- _What is required_: Locate the line bearing "Purimo Pure Whey" in the material below, then reproduce it and each following line up to and including the line bearing "Asiento de inodoro en".

- _Data provided_:
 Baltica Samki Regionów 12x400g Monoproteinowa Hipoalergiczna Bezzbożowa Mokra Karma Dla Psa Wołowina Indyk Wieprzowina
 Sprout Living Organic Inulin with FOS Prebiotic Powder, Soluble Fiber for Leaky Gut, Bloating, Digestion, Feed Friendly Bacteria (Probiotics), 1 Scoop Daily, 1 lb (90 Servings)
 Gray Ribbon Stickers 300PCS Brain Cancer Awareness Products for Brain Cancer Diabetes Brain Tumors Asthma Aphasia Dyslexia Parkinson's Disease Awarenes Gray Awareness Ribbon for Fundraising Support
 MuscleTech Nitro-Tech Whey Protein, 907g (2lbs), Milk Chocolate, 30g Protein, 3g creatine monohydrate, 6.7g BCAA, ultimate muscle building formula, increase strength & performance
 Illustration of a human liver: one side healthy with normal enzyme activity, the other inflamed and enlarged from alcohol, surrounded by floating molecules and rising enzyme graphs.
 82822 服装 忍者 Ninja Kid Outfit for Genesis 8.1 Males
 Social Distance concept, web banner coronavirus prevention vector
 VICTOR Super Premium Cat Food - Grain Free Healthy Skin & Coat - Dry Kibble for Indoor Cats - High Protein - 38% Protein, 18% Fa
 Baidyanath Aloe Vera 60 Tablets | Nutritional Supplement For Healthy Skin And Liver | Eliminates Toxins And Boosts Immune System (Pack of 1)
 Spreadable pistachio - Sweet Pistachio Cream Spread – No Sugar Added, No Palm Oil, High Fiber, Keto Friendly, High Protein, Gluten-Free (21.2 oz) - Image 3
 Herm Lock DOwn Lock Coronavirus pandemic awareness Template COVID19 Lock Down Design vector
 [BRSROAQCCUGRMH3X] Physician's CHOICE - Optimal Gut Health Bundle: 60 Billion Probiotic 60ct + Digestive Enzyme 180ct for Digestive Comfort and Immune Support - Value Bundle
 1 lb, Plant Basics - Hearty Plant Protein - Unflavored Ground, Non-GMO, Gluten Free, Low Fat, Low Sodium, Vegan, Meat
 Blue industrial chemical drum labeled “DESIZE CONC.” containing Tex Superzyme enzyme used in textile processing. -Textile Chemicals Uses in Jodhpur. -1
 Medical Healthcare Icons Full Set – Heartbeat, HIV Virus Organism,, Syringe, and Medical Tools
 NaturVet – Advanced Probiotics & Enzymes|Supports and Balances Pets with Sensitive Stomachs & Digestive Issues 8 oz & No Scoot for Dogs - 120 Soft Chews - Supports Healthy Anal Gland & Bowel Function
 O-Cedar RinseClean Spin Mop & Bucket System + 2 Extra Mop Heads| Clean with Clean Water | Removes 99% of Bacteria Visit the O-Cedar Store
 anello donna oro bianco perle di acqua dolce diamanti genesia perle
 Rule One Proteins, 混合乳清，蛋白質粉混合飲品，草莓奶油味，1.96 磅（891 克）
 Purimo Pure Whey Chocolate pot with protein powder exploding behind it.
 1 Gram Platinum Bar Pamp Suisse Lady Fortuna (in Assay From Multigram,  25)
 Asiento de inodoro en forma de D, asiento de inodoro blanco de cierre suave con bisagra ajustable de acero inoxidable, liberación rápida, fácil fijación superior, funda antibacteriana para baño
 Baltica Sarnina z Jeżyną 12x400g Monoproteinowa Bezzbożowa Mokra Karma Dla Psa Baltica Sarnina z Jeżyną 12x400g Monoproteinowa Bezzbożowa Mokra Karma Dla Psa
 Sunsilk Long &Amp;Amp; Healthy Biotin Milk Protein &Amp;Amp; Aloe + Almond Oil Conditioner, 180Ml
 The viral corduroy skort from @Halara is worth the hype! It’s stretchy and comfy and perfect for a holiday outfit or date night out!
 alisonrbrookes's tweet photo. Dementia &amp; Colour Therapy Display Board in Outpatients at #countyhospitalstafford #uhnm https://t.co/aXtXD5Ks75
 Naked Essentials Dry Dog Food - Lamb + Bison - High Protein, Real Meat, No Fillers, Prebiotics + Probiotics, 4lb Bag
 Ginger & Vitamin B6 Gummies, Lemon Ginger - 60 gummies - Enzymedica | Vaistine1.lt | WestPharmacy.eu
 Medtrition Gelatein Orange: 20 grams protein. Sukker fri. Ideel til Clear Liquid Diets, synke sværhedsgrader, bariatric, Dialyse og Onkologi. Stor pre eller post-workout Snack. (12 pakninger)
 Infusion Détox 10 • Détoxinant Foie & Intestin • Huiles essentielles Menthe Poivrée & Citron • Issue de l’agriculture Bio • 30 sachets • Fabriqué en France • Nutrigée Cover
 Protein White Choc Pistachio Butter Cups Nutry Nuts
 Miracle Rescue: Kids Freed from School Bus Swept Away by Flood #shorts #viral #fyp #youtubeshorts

- _Written answer_:
 Purimo Pure Whey Chocolate pot with protein powder exploding behind it.
 1 Gram Platinum Bar Pamp Suisse Lady Fortuna (in Assay From Multigram,  25)
 Asiento de inodoro en forma de D, asiento de inodoro blanco de cierre suave con bisagra ajustable de acero inoxidable, liberación rápida, fácil fijación superior, funda antibacteriana para baño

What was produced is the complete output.